* Data to examine
-.-.-

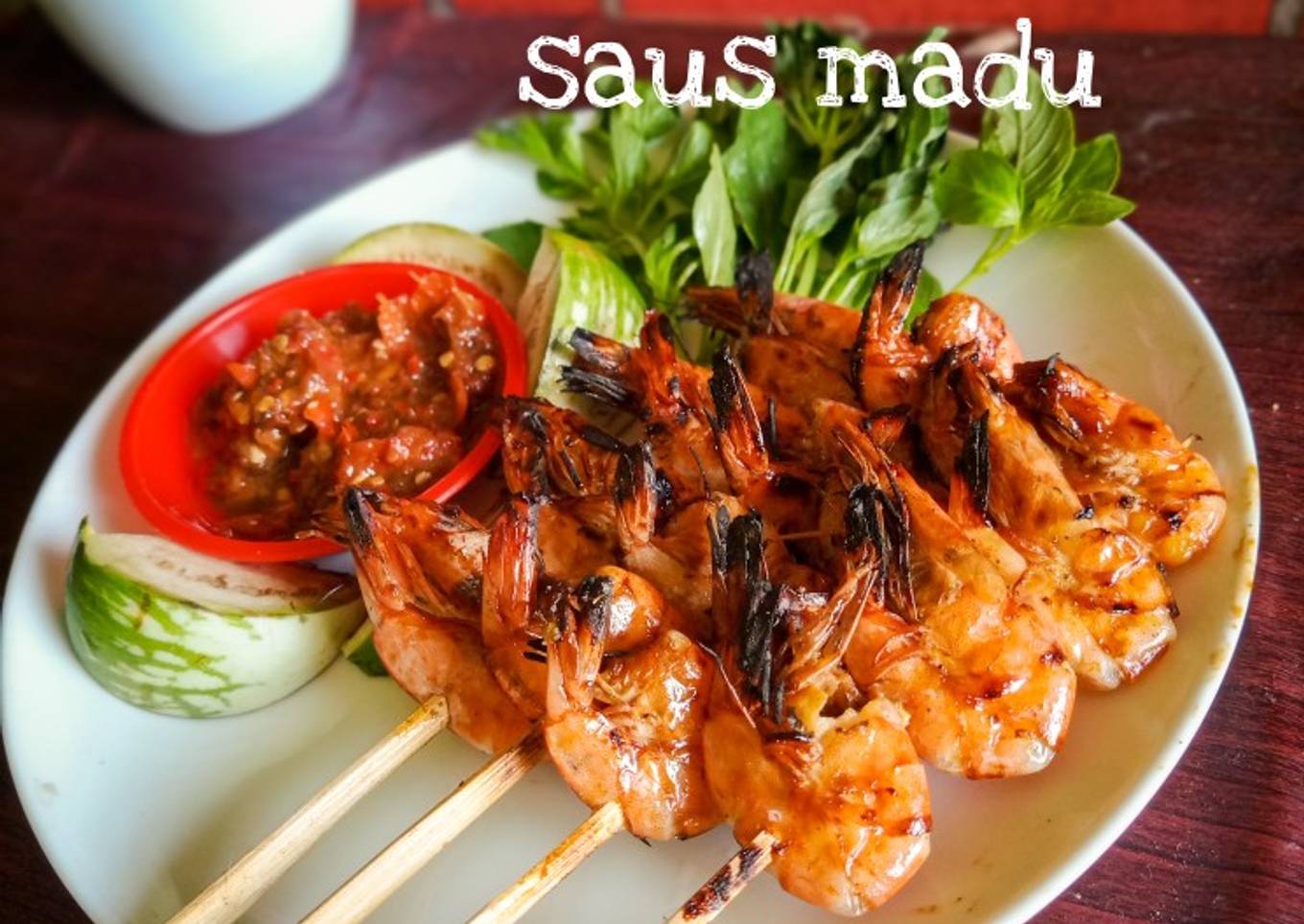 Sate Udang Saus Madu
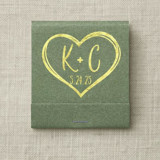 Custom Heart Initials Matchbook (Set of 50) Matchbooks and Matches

-.-.-

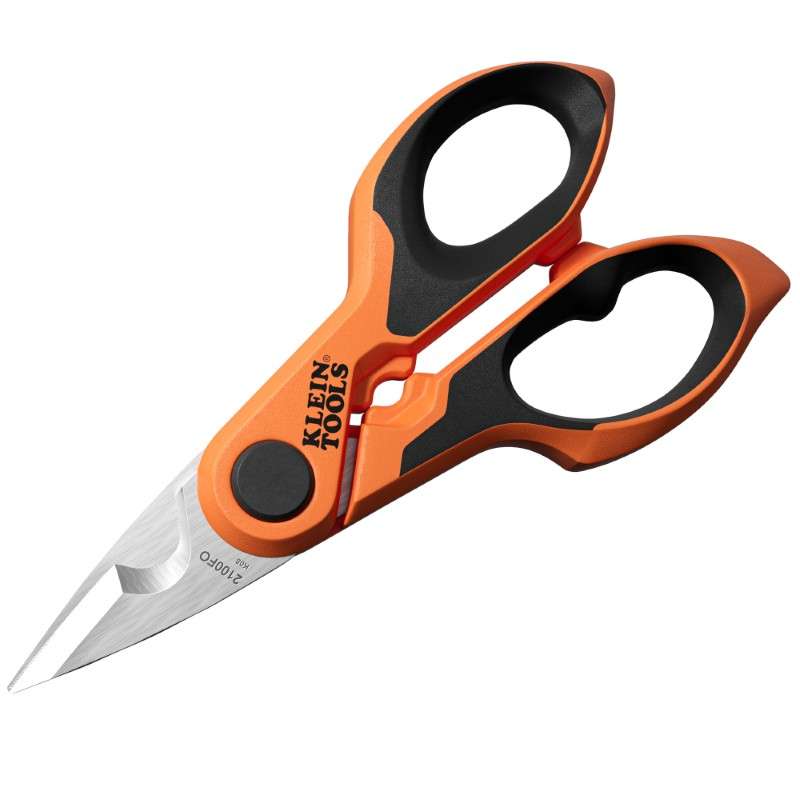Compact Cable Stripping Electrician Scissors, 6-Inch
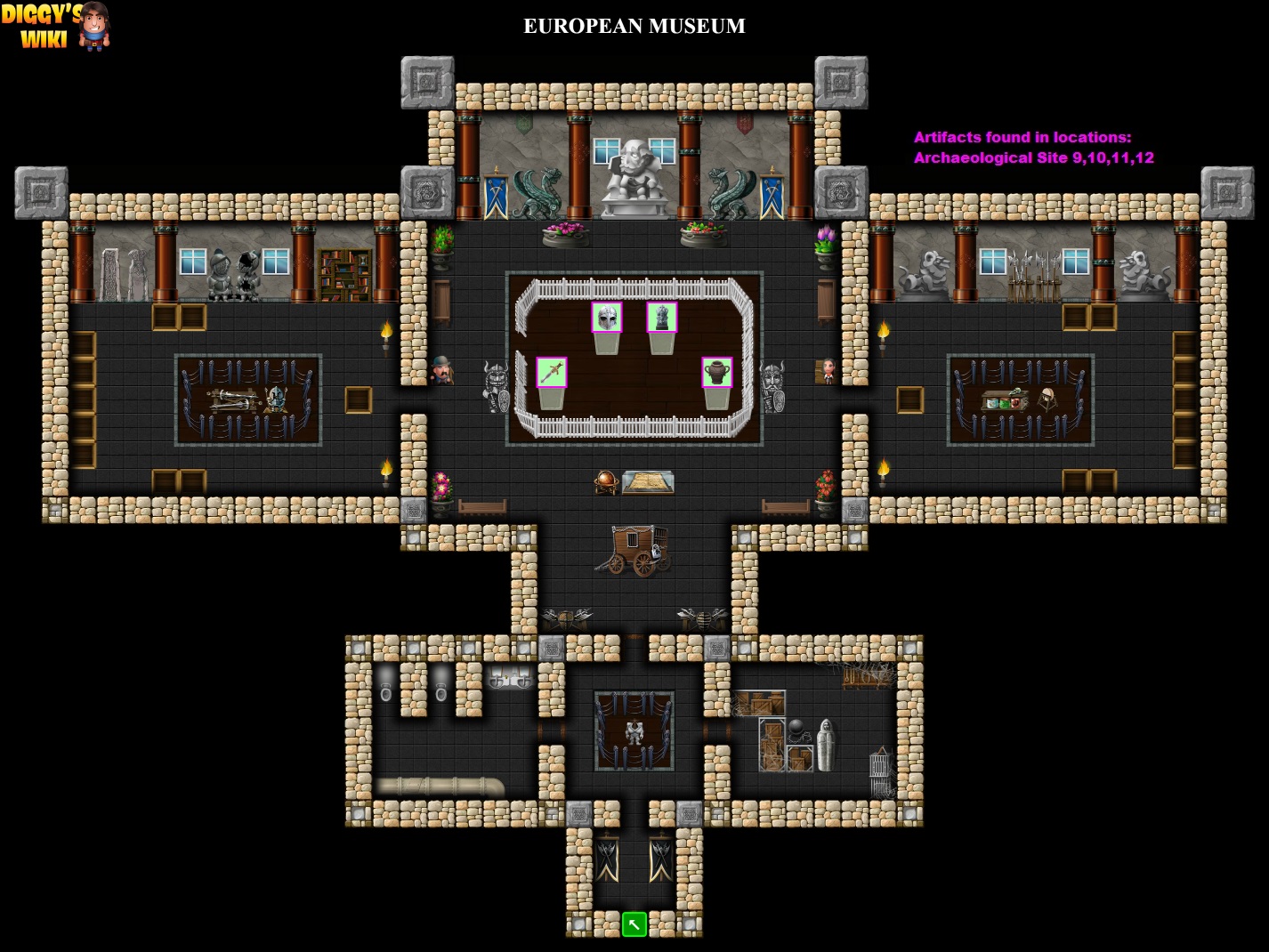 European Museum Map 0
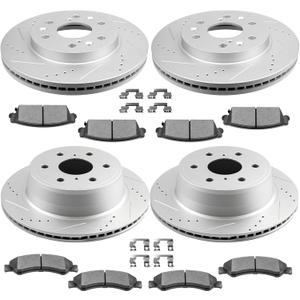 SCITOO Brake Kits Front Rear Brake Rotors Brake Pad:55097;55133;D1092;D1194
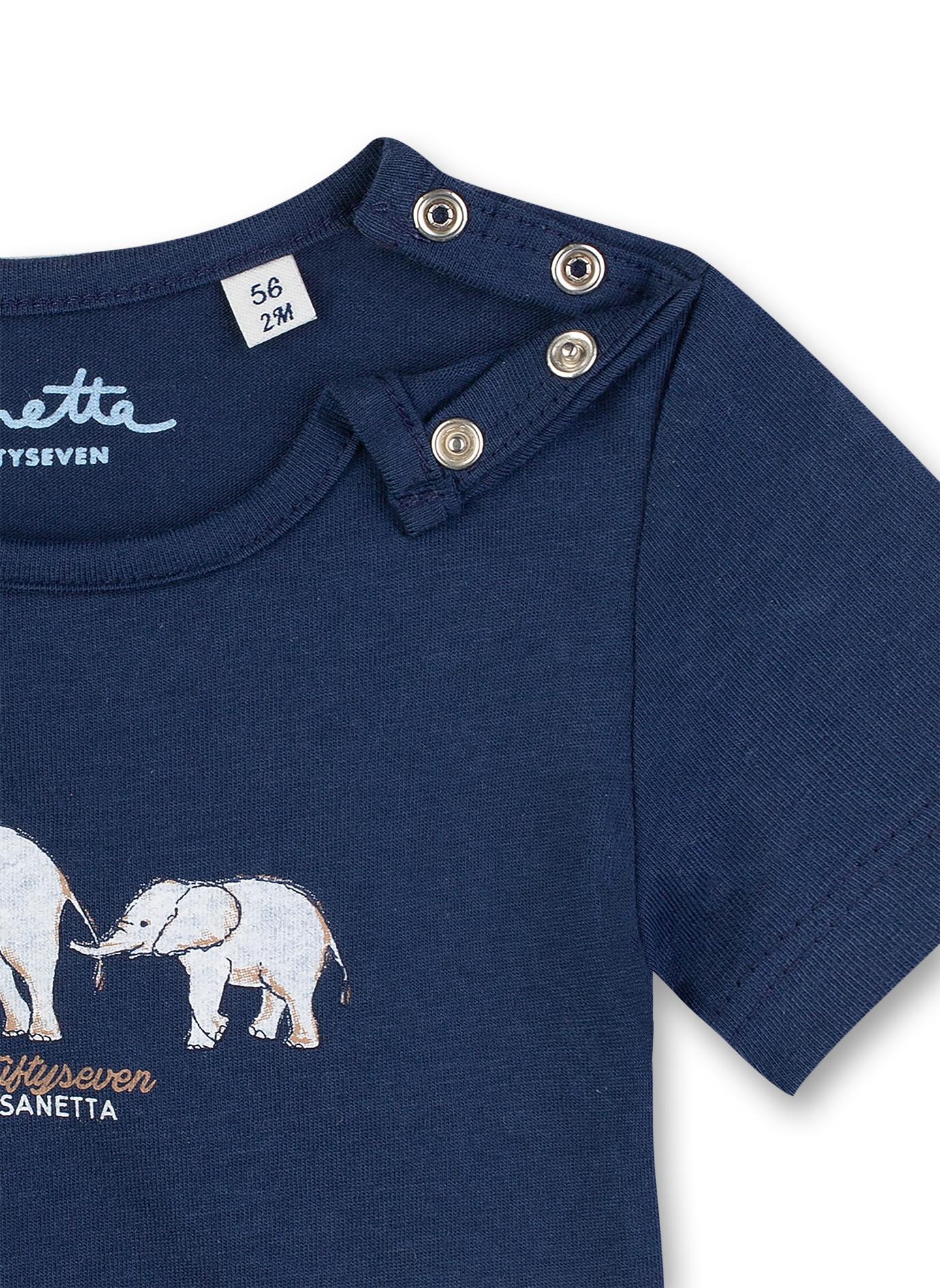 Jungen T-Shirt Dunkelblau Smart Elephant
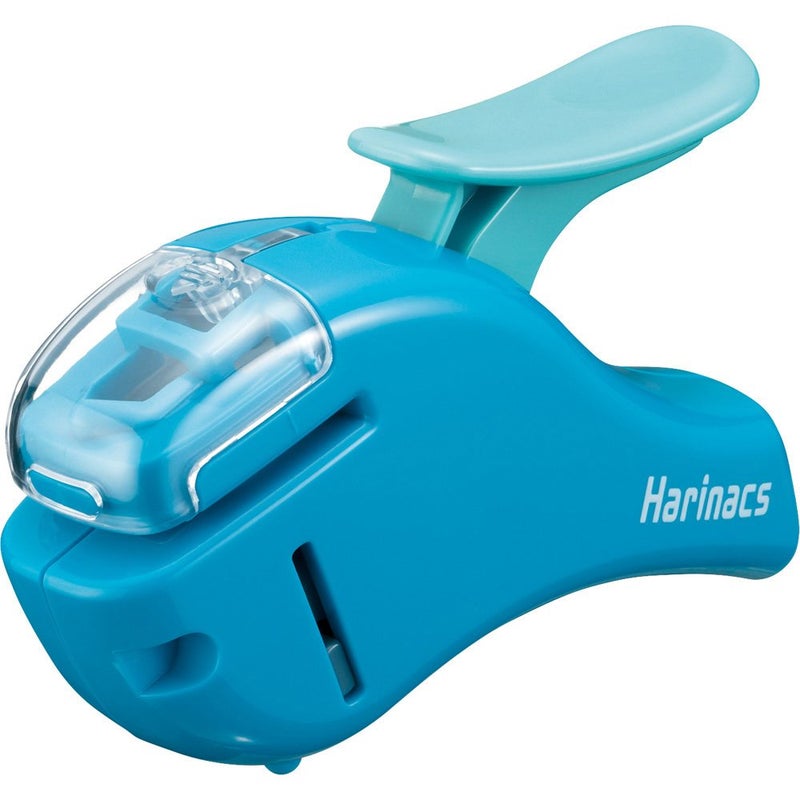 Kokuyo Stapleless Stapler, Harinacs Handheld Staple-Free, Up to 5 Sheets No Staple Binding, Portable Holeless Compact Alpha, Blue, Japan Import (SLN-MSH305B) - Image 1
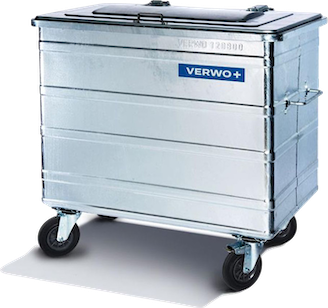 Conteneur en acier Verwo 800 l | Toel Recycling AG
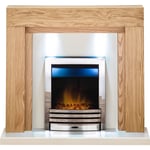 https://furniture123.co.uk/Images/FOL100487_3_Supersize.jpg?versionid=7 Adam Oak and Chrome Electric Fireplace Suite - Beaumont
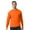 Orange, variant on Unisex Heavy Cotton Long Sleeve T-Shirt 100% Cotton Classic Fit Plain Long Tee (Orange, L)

-.-.-

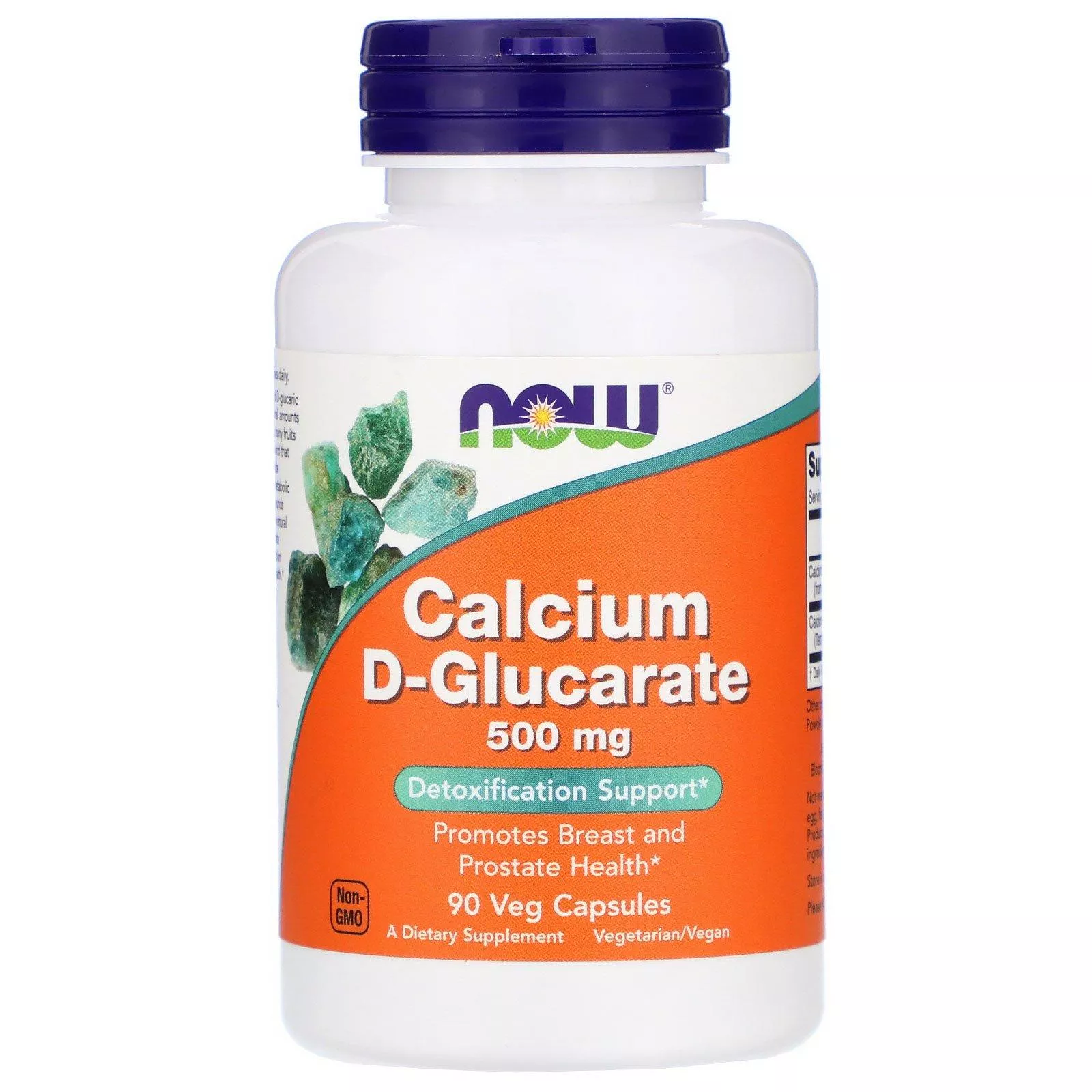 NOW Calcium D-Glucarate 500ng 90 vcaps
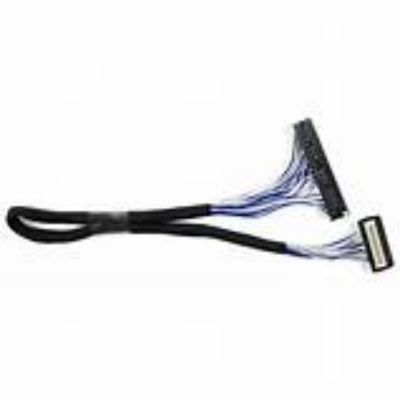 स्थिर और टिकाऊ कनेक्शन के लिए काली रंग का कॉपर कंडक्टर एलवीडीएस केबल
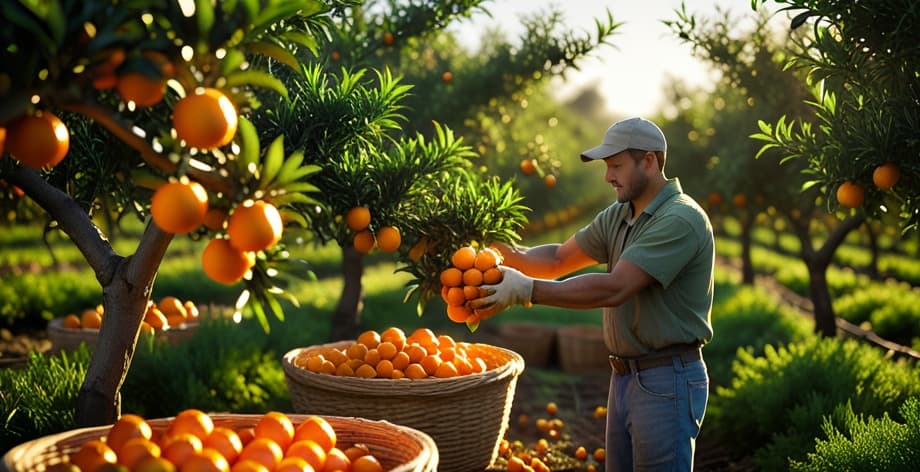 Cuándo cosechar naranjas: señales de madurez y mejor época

-.-.-

* Required action
What are the lines in the records above, word for word, from the one containing "Conteneur en acier" through the one containing "Orange, variant on", both ends included and pictures left out?

* Written answer
 Conteneur en acier Verwo 800 l | Toel Recycling AG
 https://furniture123.co.uk/Images/FOL100487_3_Supersize.jpg?versionid=7 Adam Oak and Chrome Electric Fireplace Suite - Beaumont
 Orange, variant on Unisex Heavy Cotton Long Sleeve T-Shirt 100% Cotton Classic Fit Plain Long Tee (Orange, L)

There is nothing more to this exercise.